Ce qui n’empêche pas des pinasses de naviguer concrètement depuis bien longtemps sur le Bassin, mais ce sont des « pinassottes », beaucoup plus petites que celles des Basques. C’est d’ailleurs pourquoi, l’administration qui a toujours eu besoin d’y voir clair dans ses textes réglementaires, a appelé nos pinassottes des « Tilloles » pour les distinguer de leurs lourdes consœurs du sud. Car, pour pêcher dans l’océan, les marins testerins, gujanais ou autres s’embarquaient, en réalité, sur de grosses chaloupes, longtemps non pontées, puisqu’il y a toujours eu des marins sur le Bassin, dont beaucoup osaient affronter les passes pour gagner l’océan. Où ils ne pêchaient pas la fortune !

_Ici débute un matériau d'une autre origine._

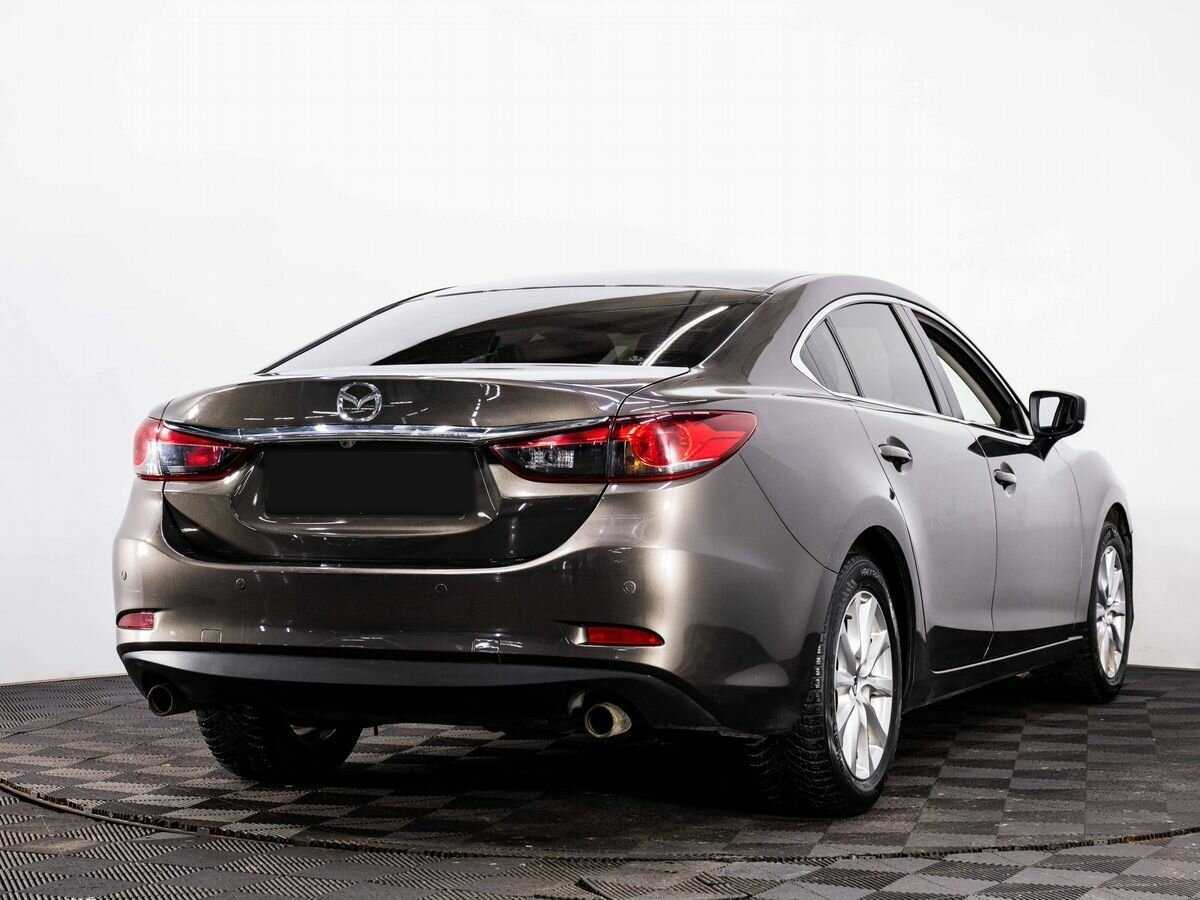 Mazda 6, 2017 Фото №6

Dans un savoureux dialogue avec Charles Daney, un autre de ses grands confrères, paru dans « Arcachon-Magazine », Jacques Bernard les a évoqués ces marins, qui firent d’Arcachon, en 1900, le deuxième port de pêche de France, capable d’envoyer les plus grands navires de pêche à la morue jusque dans les brumes de Terre-Neuve. Tel, en 1932, le fameux « Marcella », le plus moderne et le plus grand du Monde. Le port de pêche d’ Arcachon s’est étendu dans tout le quartier de l’Aiguillon, y créant une véritable zone industrielle, avec des pêcheries-usines, des fabriques de moteurs et de filets, des conserveries de poissons, des ateliers de mécanique, des chantiers navals de toutes tailles, des fabriques de glace, des bistrots en quantité, quelques filles publiques arpentant les ruelles et des filets séchant sur la plage ou s’accumulaient aussi des cordages pourris, des filins rouillés et des baquets disloqués.

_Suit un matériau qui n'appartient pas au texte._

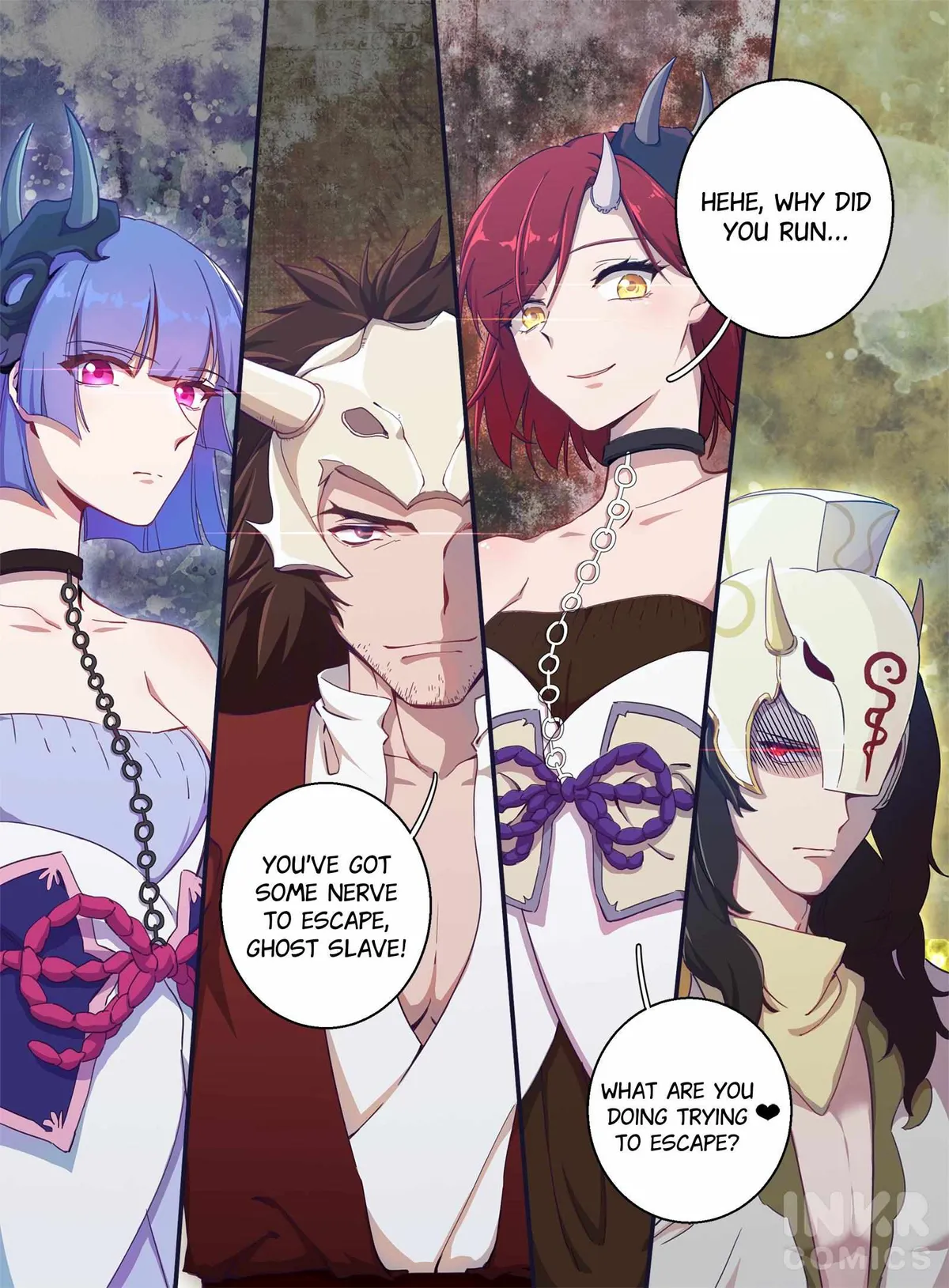 Read Six Paths Nightmare Palace chapter 2 image 14 on Lezhin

Dans des rues taillées au cordeau, autour des petits magasins, bouchers, merceries et épiciers fort nombreux, on voyait souvent voleter des coiffes bretonnes, surtout des basses, venues d’Audierne. Car beaucoup de marins bretons s’étaient exilés, attirés par l’importance des chalutiers et par les bonnes payes qu’on y accordait assez souvent, tandis que leurs femmes faisaient des ménages dans les villas bourgeoises ou servaient dans les restaurants des zones plus huppées de la ville. Car la vie restait dure. D’où cette anecdote racontée à Charles Daney par Jacques Bernard, au sujet d’un vieux marin. « Un jour il m’a dit tout à trac : – Tu sais où il est bien le marin ? Tu sais où il est heureux ? Tu sais quel est son élément, au marin ? Tout fier de moi, j’allais lui répondre : – La mer. Et lui, mettant sa main en biais devant sa bouche de travers, il m’a répondu dans un souffle : – Le marin, son élément, c’est son lit ! »
Décidément, il nous manque beaucoup, Jacques Bernard … Mais point de découragement. Donc, demain, quand même, on vous parlera du pays.